AIM OF THE TASK —
Please transcribe every entry below exactly, without including the pictures.

(Short web captions)

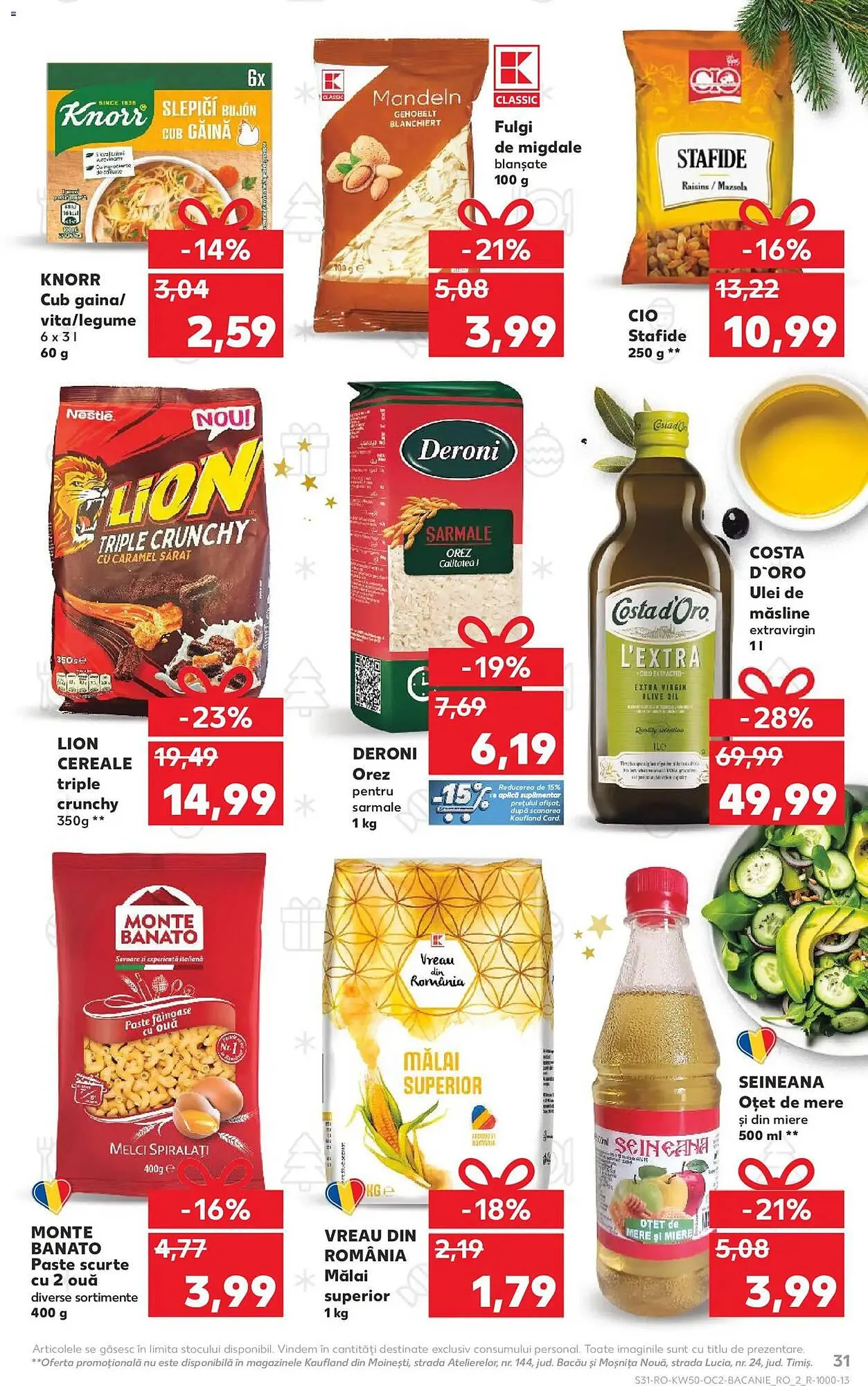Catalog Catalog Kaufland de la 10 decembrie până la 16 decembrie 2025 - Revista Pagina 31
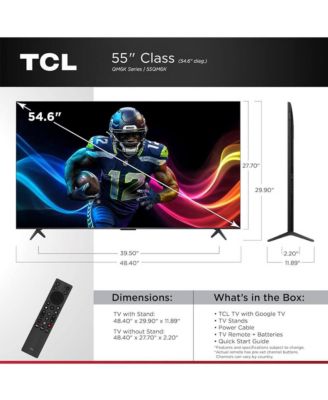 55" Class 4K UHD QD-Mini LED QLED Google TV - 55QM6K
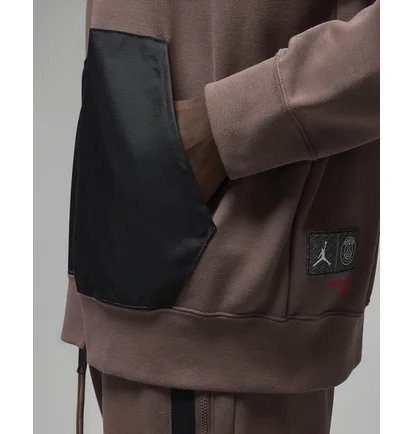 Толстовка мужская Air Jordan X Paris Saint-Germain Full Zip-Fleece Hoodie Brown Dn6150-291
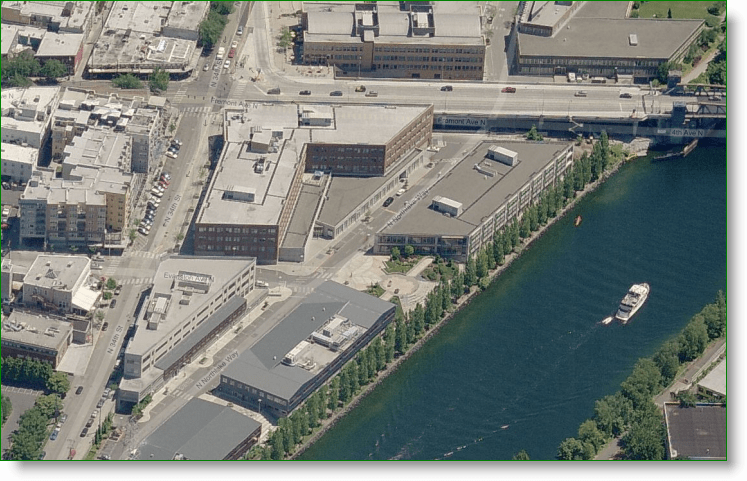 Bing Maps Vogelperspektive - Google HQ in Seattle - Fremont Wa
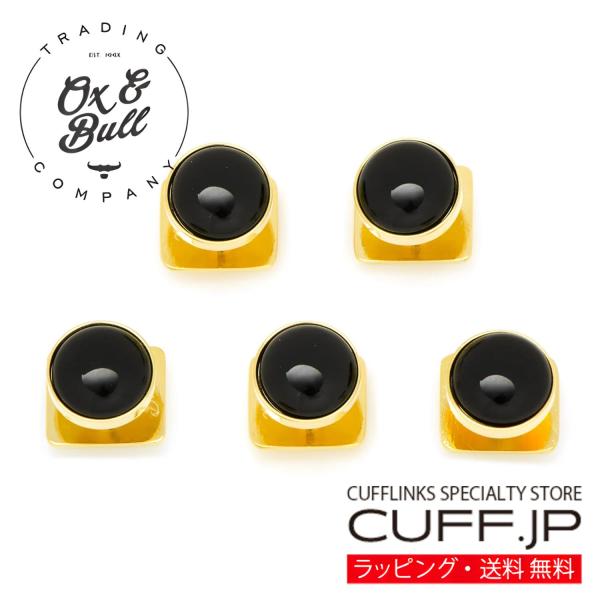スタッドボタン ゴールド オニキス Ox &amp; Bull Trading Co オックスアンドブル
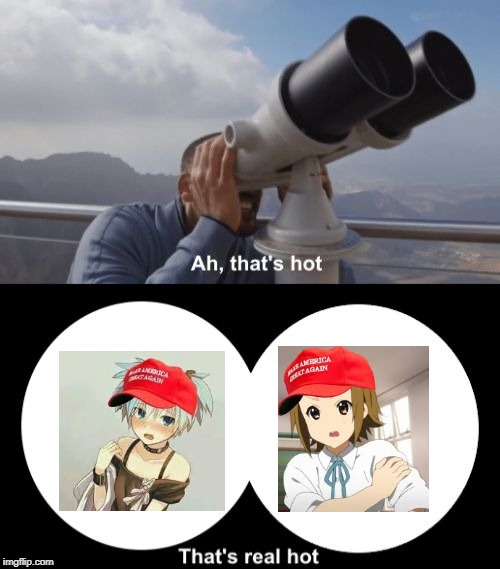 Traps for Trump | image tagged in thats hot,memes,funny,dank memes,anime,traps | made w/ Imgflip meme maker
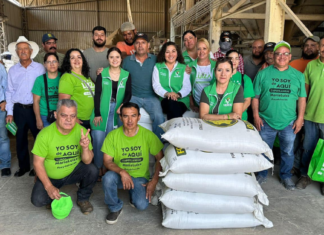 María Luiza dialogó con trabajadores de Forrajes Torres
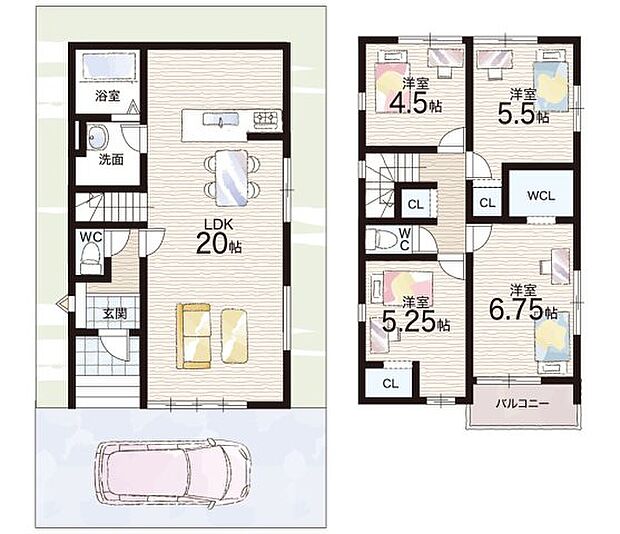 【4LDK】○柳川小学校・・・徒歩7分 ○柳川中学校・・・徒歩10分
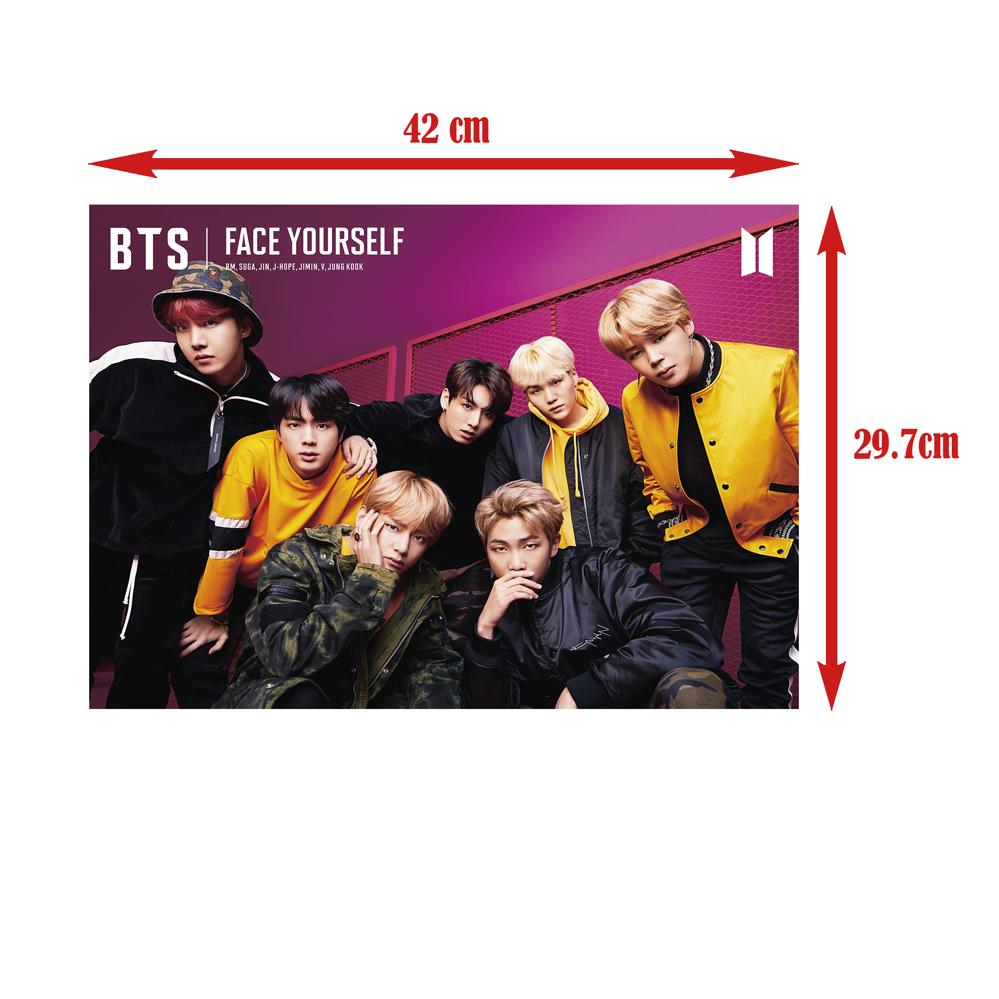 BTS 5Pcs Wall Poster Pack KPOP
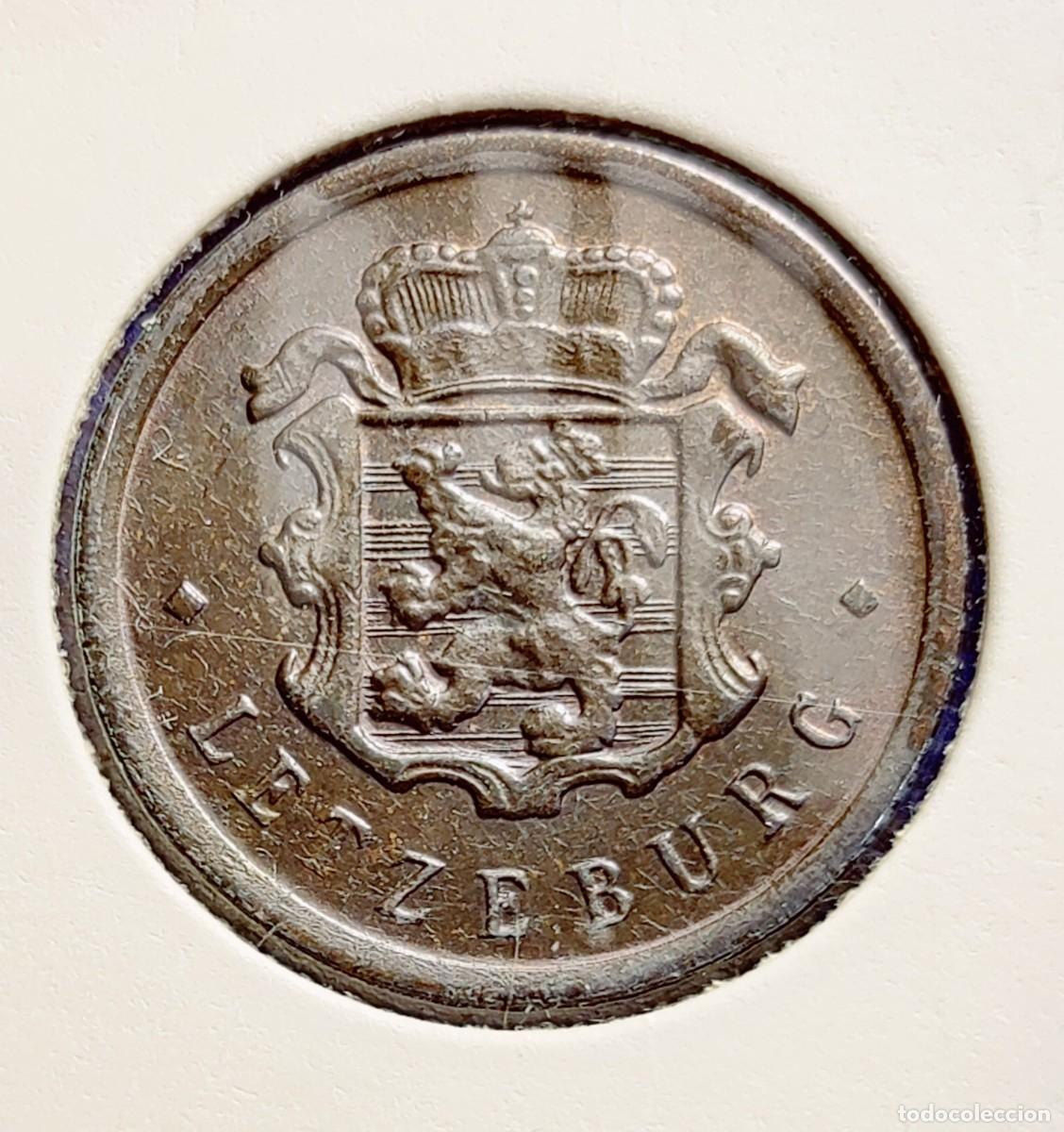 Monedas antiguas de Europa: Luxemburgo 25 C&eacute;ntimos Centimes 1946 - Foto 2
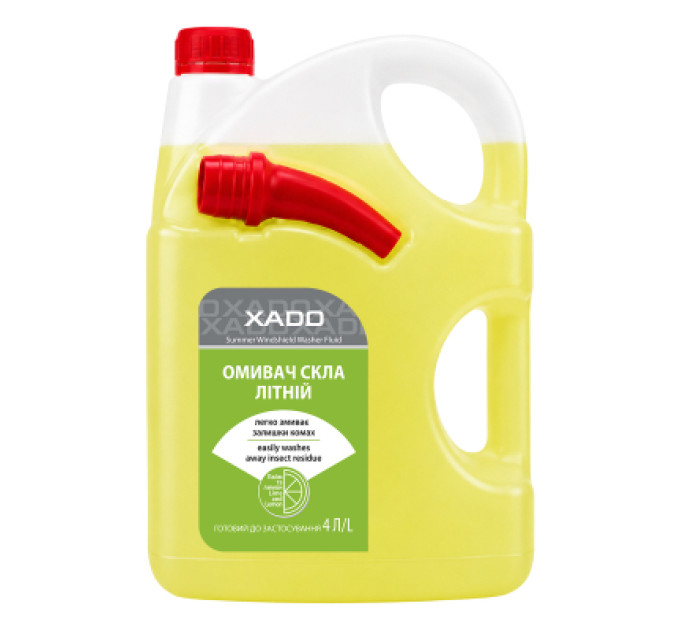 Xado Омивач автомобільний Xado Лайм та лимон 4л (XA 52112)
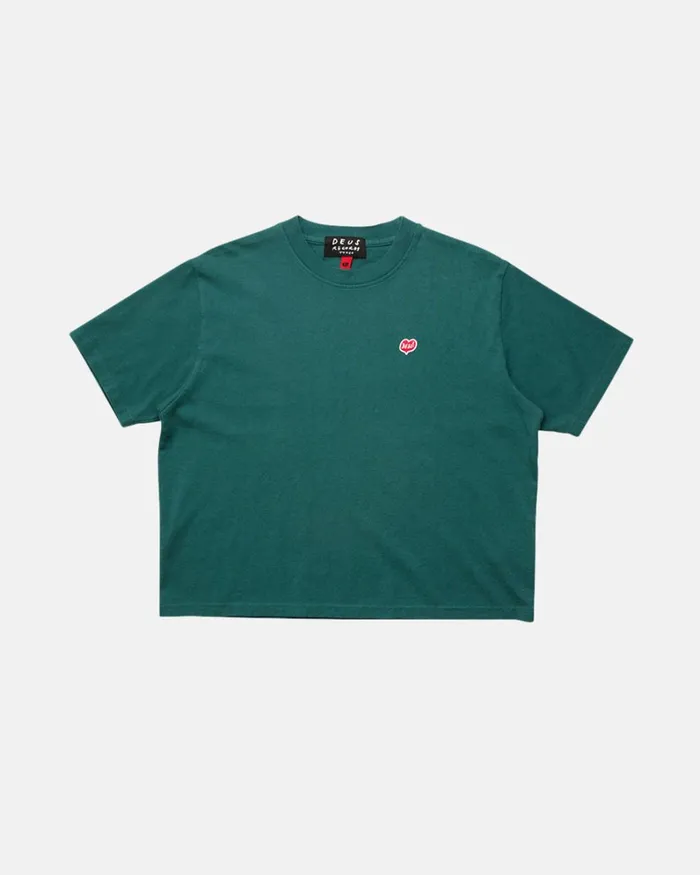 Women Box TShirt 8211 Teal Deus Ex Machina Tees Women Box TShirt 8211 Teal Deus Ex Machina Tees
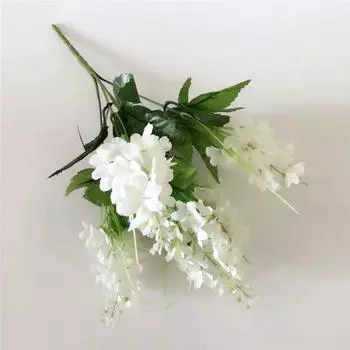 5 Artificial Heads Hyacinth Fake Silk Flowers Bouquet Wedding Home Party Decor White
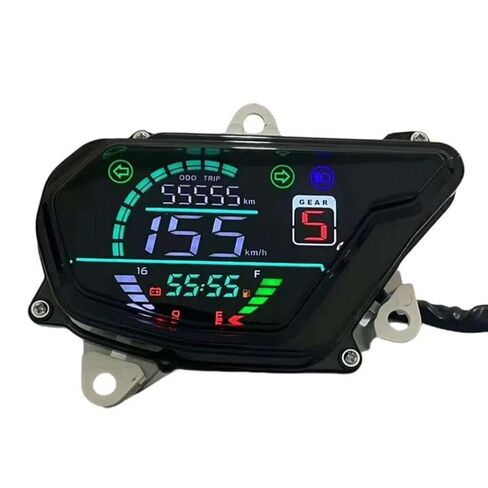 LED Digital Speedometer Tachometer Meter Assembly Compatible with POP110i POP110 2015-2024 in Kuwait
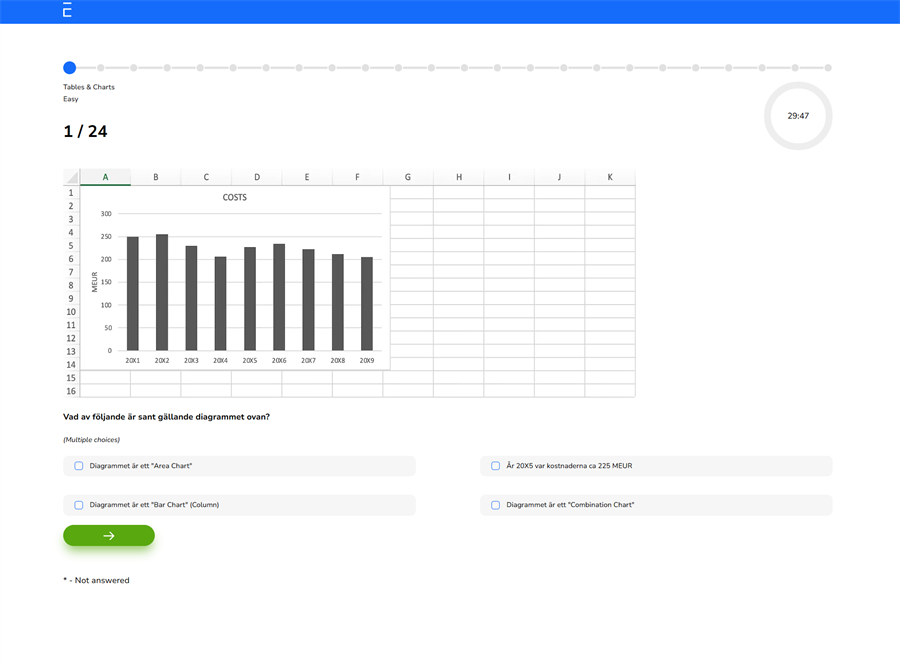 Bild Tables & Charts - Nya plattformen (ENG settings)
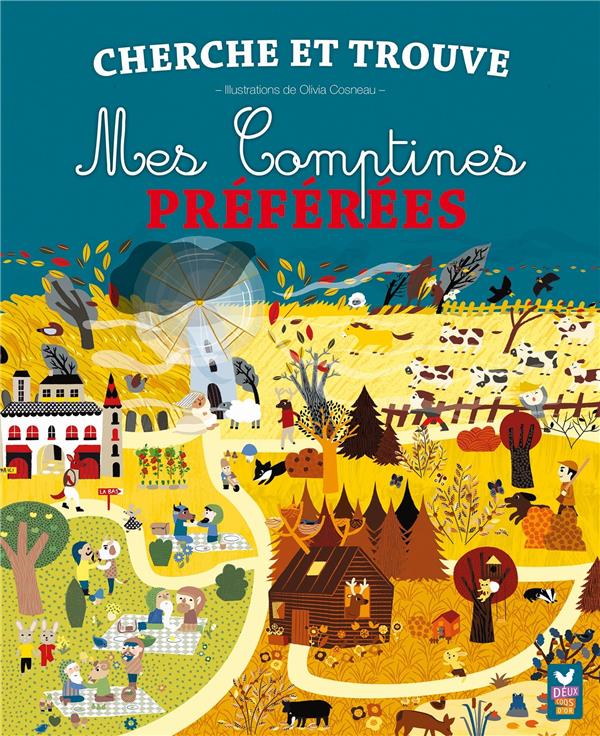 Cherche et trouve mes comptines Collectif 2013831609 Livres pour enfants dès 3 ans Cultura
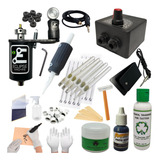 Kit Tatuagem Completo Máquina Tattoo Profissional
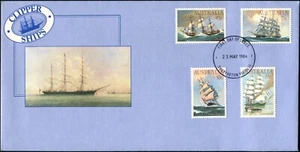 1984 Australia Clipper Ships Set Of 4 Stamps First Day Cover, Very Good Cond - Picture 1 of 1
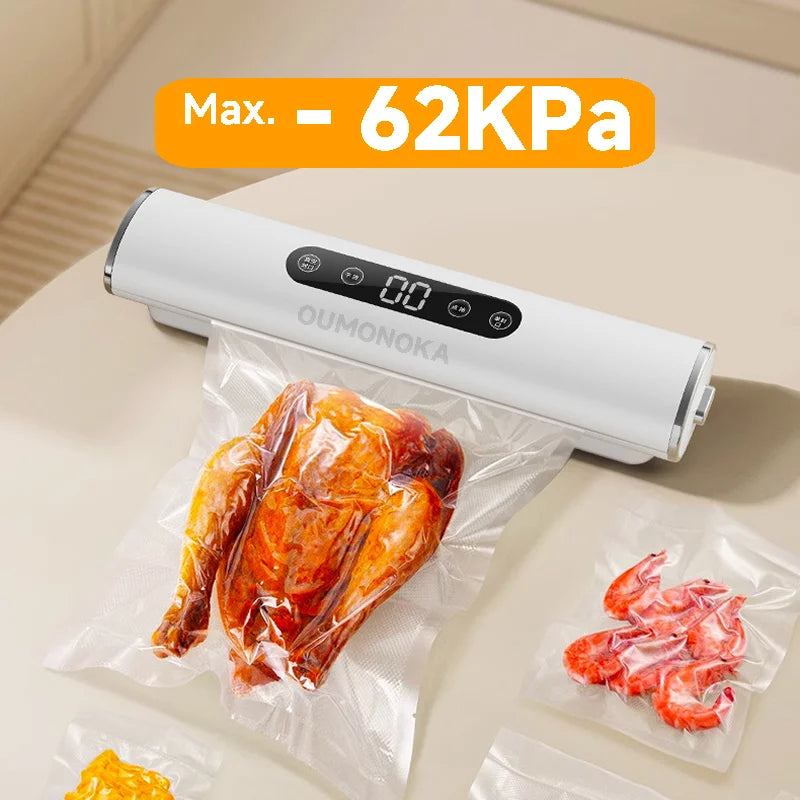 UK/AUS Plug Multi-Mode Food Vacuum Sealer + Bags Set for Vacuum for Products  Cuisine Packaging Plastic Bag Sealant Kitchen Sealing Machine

OUTPUT OF THE EXERCISE —
Catalog Catalog Kaufland de la 10 decembrie până la 16 decembrie 2025 - Revista Pagina 31
 55" Class 4K UHD QD-Mini LED QLED Google TV - 55QM6K
 Толстовка мужская Air Jordan X Paris Saint-Germain Full Zip-Fleece Hoodie Brown Dn6150-291
 Bing Maps Vogelperspektive - Google HQ in Seattle - Fremont Wa
スタッドボタン ゴールド オニキス Ox &amp; Bull Trading Co オックスアンドブル
 Traps for Trump | image tagged in thats hot,memes,funny,dank memes,anime,traps | made w/ Imgflip meme maker
 María Luiza dialogó con trabajadores de Forrajes Torres
 【4LDK】○柳川小学校・・・徒歩7分 ○柳川中学校・・・徒歩10分
 BTS 5Pcs Wall Poster Pack KPOP
 Monedas antiguas de Europa: Luxemburgo 25 C&eacute;ntimos Centimes 1946 - Foto 2
 Xado Омивач автомобільний Xado Лайм та лимон 4л (XA 52112)
 Women Box TShirt 8211 Teal Deus Ex Machina Tees Women Box TShirt 8211 Teal Deus Ex Machina Tees
 5 Artificial Heads Hyacinth Fake Silk Flowers Bouquet Wedding Home Party Decor White
 LED Digital Speedometer Tachometer Meter Assembly Compatible with POP110i POP110 2015-2024 in Kuwait
 Bild Tables & Charts - Nya plattformen (ENG settings)
 Cherche et trouve mes comptines Collectif 2013831609 Livres pour enfants dès 3 ans Cultura
 Kit Tatuagem Completo Máquina Tattoo Profissional
 1984 Australia Clipper Ships Set Of 4 Stamps First Day Cover, Very Good Cond - Picture 1 of 1
 UK/AUS Plug Multi-Mode Food Vacuum Sealer + Bags Set for Vacuum for Products  Cuisine Packaging Plastic Bag Sealant Kitchen Sealing Machine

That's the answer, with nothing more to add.